The last time these two teams met in 2008, Mark Sanchez and the Trojans bludgeoned the Cavaliers 52-7 in Charlottesville. But the circumstances are much different this time. For one, there are two new head coaches. For another, USC is no longer riding a run of Pac-10 dominance to a certain BCS bowl berth. The rest of the Pac-10 took care of the former last fall, and the NCAA took care of the latter this summer.

Still, London said he doesn't see a neutered team.

"When you look at the game [film], you see athleticism -- from everybody," he said. "Even the water boy is athletic and fast."

So what went wrong at Hawaii on defense? Kiffin cited a number of things. For one, yes, it did hurt that the Trojans didn't do much full-contact work during fall camp in order to avoid injuries.
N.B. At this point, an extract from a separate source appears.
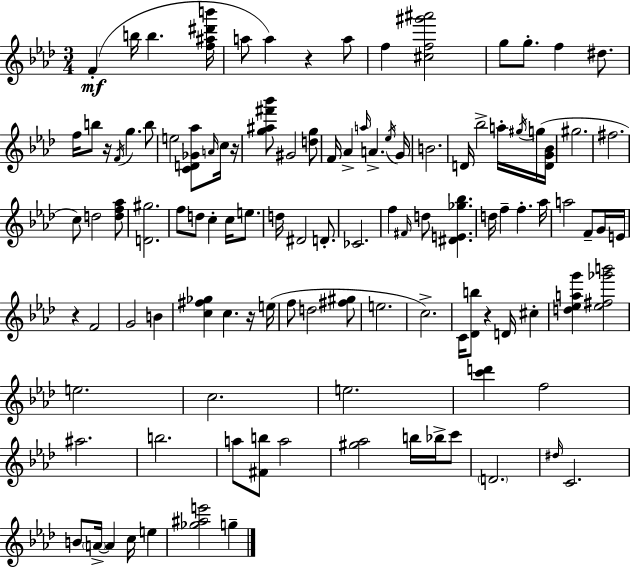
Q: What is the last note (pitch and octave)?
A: G5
That's an explanation for the poor tackling. Further, the Warriors surprised USC when they tweaked their spread scheme with a "pistol" formation.

Kiffin also gave credit to Hawaii: "That is a really good offense, and I think we'll see that throughout the year... They are going to put up lot of yards and points on people if they stay healthy."

Kiffin seemed excited that Virginia's style of offense will be more in the Trojans' comfort zone. He called the Hawaii game "a wake-up call" and expects his defense to be highly motivated after turning in an embarrassing performance.

And, no, the Trojans defense, which started hemorrhaging last year (though USC still led the Pac-10 in scoring defense at 19.8 ppg), hasn't lost its confidence. At least not yet.

"I look for us to play a lot better this week," Kiffin said. "If we play like that three weeks into the season, yeah, we're going to have a confidence issue. We're going to have a lot of issues. But I don't think that's going to be the case. I think our guys are going to really respond well this week."

Oh, and by the way, overconfidence shouldn't be a problem, either

"How we can be overconfident; we haven't done anything yet," Kiffin said.